Re: [PATCH RFC net 1/1] net/sched: Fix mirred to self recursion

From: Jamal Hadi Salim <jhs@mojatatu.com>
To: Eric Dumazet <edumazet@google.com>
Cc: davem@davemloft.net, kuba@kernel.org, pabeni@redhat.com,
	jiri@resnulli.us,  xiyou.wangcong@gmail.com,
	netdev@vger.kernel.org, renmingshuai@huawei.com,
	 Victor Nogueira <victor@mojatatu.com>
Subject: Re: [PATCH RFC net 1/1] net/sched: Fix mirred to self recursion
Date: Wed, 27 Mar 2024 19:12:59 -0400	[thread overview]
Message-ID: <CAM0EoMmO9pz7Y3ZMVL-QYAUB3kuxNQyK8h4OY-V1T99aE_Qbig@mail.gmail.com> (raw)

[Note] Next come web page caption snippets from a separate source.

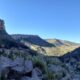 Forbes Montaña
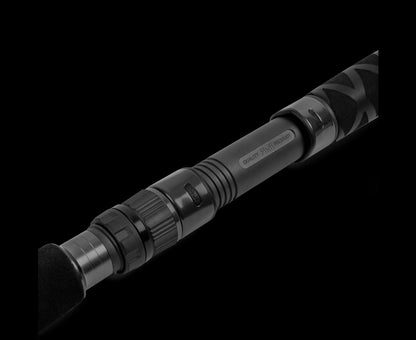 Black Cat Freestyle Pro Light Lure 220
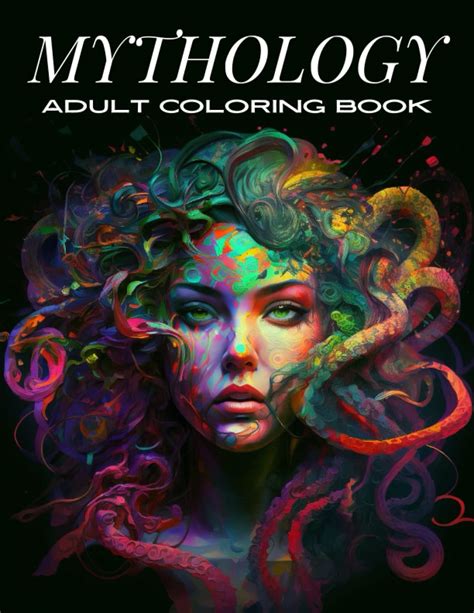 adult coloring book relieving creatures Kindle Editon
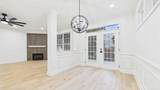 6145 Mapperley Lane - Photo 25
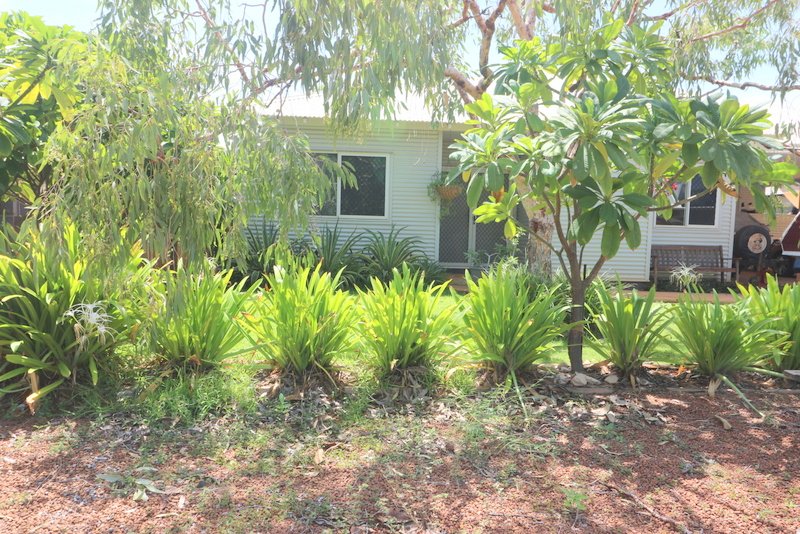 Photo - 2 Wattle Court, Derby WA 6728 - Image 15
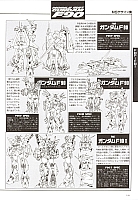 Mobile_suit_Gundam_artbook201.jpg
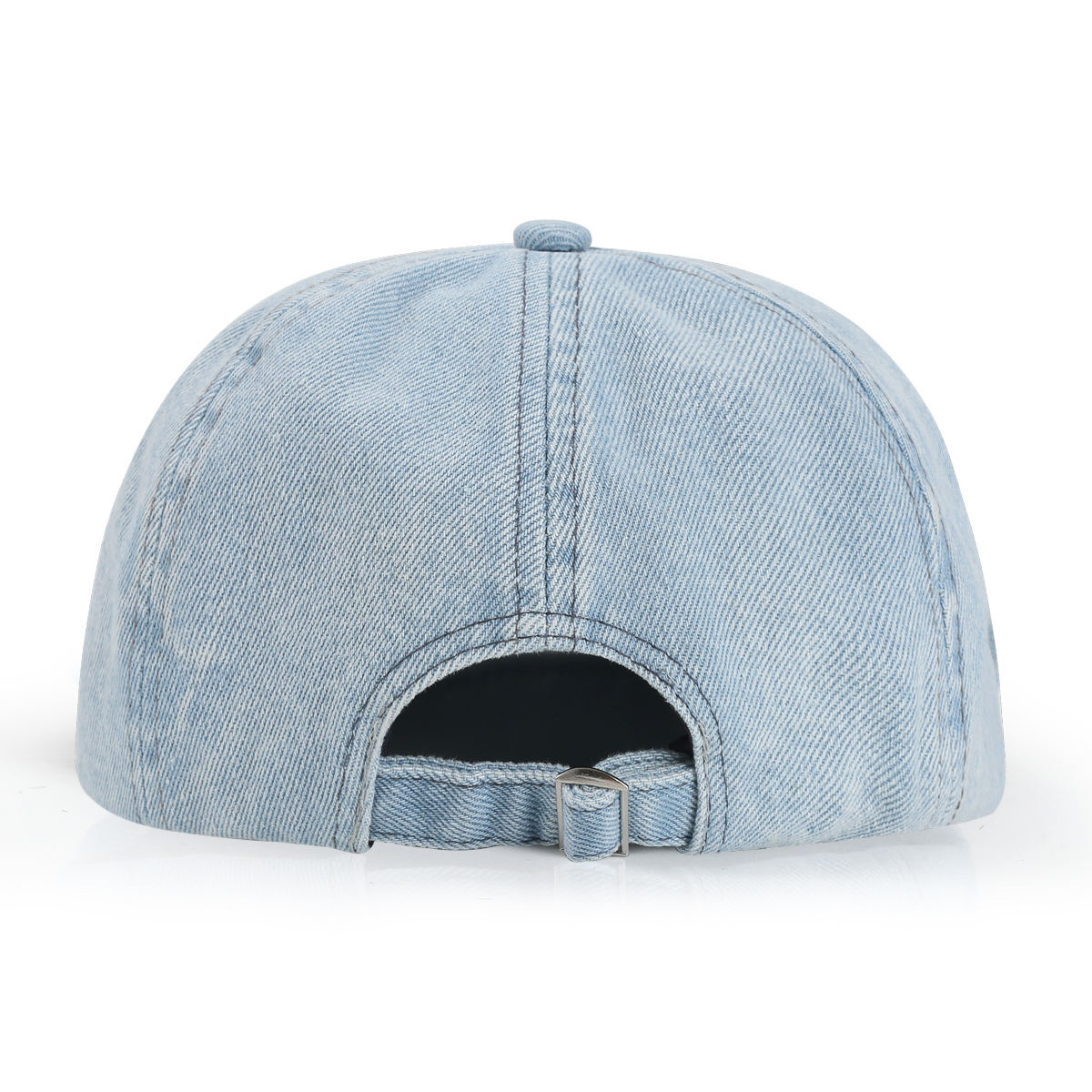 YUEXING HAT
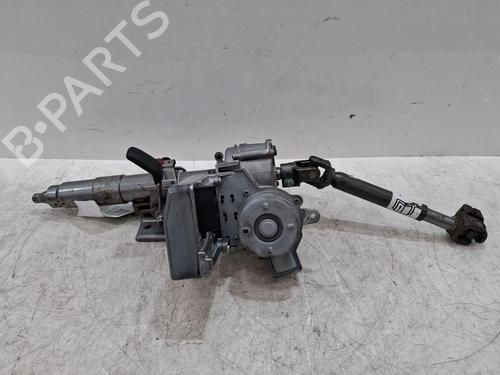 Used Steering column Steering column 39506765 39506765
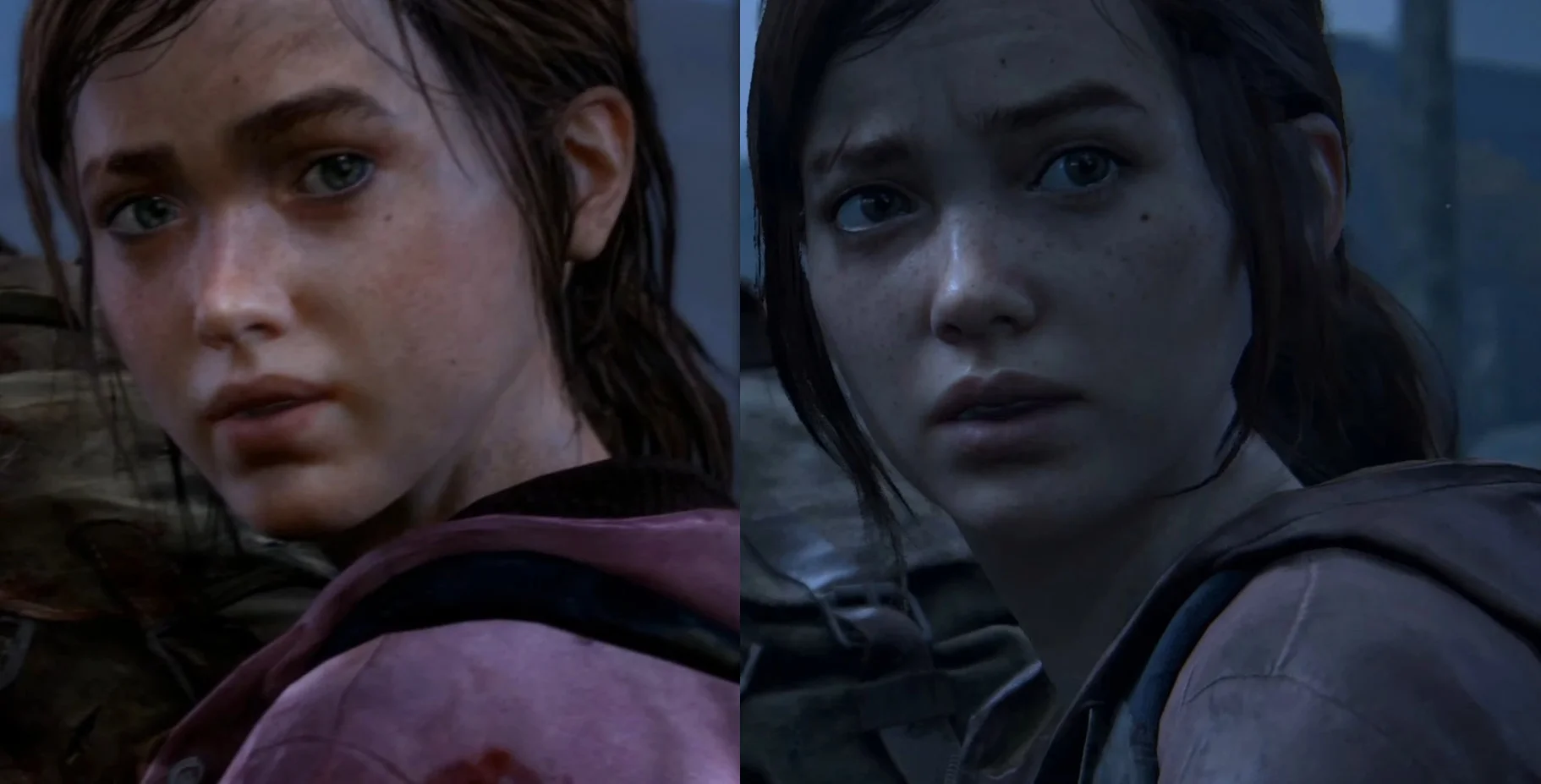 Last of us part 1 ps5. Элли the last of us 1 Remake. The last of us ремейк ps5. Плейстейшен 5 the last of us. Ремейк the last of us Part 2 ps5.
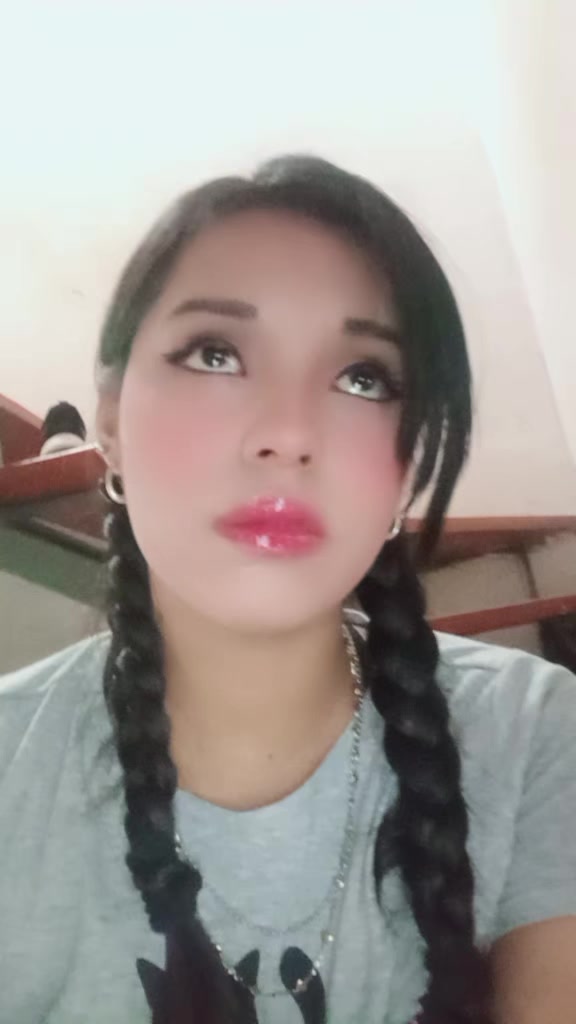 @♡◇morena◇♡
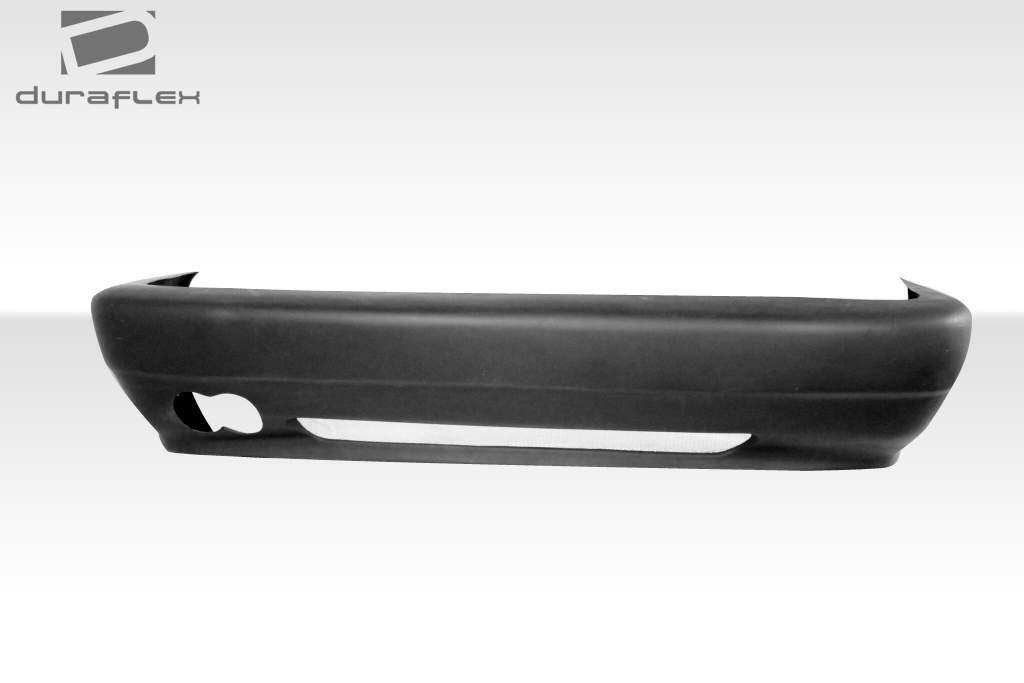 1989-1995 BMW 5 Series Duraflex M-Power Kit - Image 10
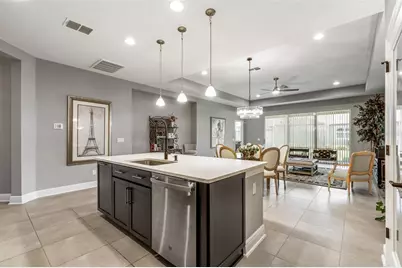 19322 Hawk Valley Drive, Tampa, FL 33647 - Photo 20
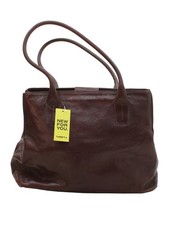 Hobbs Women's Bag Brown 100% Other Shoulder Bag
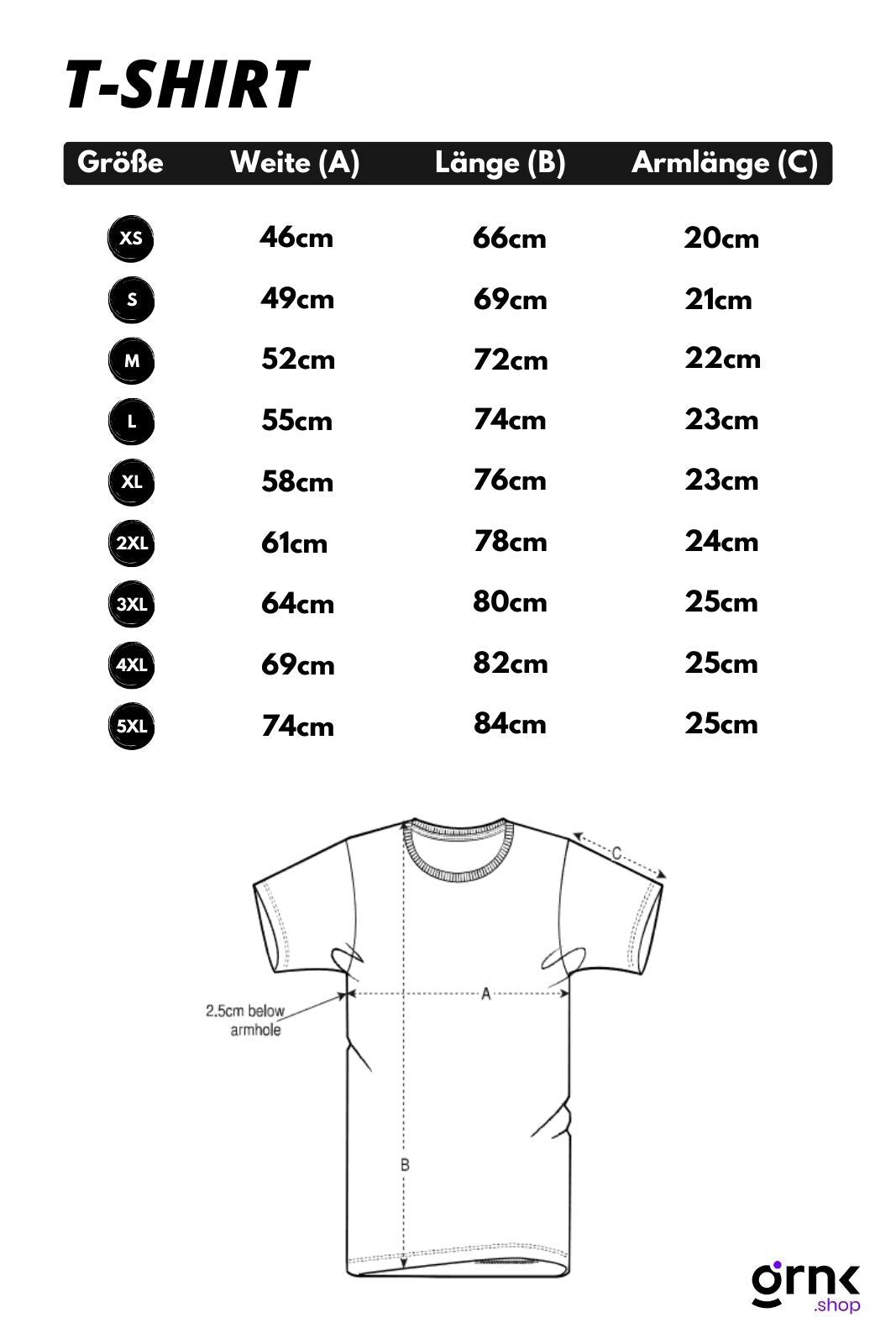 T-Shirt - Divi - OMUKADE (black)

In-Reply-To: <CAM0EoMmQHsucU6n1O3XEd50zUB4TENkEH0+J-cZ=5Bbv9298mA@mail.gmail.com>

On Wed, Mar 27, 2024 at 6:57 PM Jamal Hadi Salim <jhs@mojatatu.com> wrote:
>
> On Wed, Mar 27, 2024 at 9:23 AM Eric Dumazet <edumazet@google.com> wrote:
> >
> > On Wed, Mar 27, 2024 at 12:03 AM Jamal Hadi Salim <jhs@mojatatu.com> wrote:
> > >
> > > When the mirred action is used on a classful egress qdisc and a packet is
> > > mirrored or redirected to self we hit a qdisc lock deadlock.
> > > See trace below.
> > >
> > > [..... other info removed for brevity....]
> > > [   82.890906]
> > > [   82.890906] ============================================
> > > [   82.890906] WARNING: possible recursive locking detected
> > > [   82.890906] 6.8.0-05205-g77fadd89fe2d-dirty #213 Tainted: G        W
> > > [   82.890906] --------------------------------------------
> > > [   82.890906] ping/418 is trying to acquire lock:
> > > [   82.890906] ffff888006994110 (&sch->q.lock){+.-.}-{3:3}, at:
> > > __dev_queue_xmit+0x1778/0x3550
> > > [   82.890906]
> > > [   82.890906] but task is already holding lock:
> > > [   82.890906] ffff888006994110 (&sch->q.lock){+.-.}-{3:3}, at:
> > > __dev_queue_xmit+0x1778/0x3550
> > > [   82.890906]
> > > [   82.890906] other info that might help us debug this:
> > > [   82.890906]  Possible unsafe locking scenario:
> > > [   82.890906]
> > > [   82.890906]        CPU0
> > > [   82.890906]        ----
> > > [   82.890906]   lock(&sch->q.lock);
> > > [   82.890906]   lock(&sch->q.lock);
> > > [   82.890906]
> > > [   82.890906]  *** DEADLOCK ***
> > > [   82.890906]
> > > [..... other info removed for brevity....]
> > >
> > > Example setup (eth0->eth0) to recreate
> > > tc qdisc add dev eth0 root handle 1: htb default 30
> > > tc filter add dev eth0 handle 1: protocol ip prio 2 matchall \
> > >      action mirred egress redirect dev eth0
> > >
> > > Another example(eth0->eth1->eth0) to recreate
> > > tc qdisc add dev eth0 root handle 1: htb default 30
> > > tc filter add dev eth0 handle 1: protocol ip prio 2 matchall \
> > >      action mirred egress redirect dev eth1
> > >
> > > tc qdisc add dev eth1 root handle 1: htb default 30
> > > tc filter add dev eth1 handle 1: protocol ip prio 2 matchall \
> > >      action mirred egress redirect dev eth0
> > >
> > > We fix this by adding a per-cpu, per-qdisc recursion counter which is
> > > incremented the first time a root qdisc is entered and on a second attempt
> > > enter the same root qdisc from the top, the packet is dropped to break the
> > > loop.
> > >
> > > Reported-by: renmingshuai@huawei.com
> > > Closes: https://lore.kernel.org/netdev/20240314111713.5979-1-renmingshuai@huawei.com/
> > > Fixes: 3bcb846ca4cf ("net: get rid of spin_trylock() in net_tx_action()")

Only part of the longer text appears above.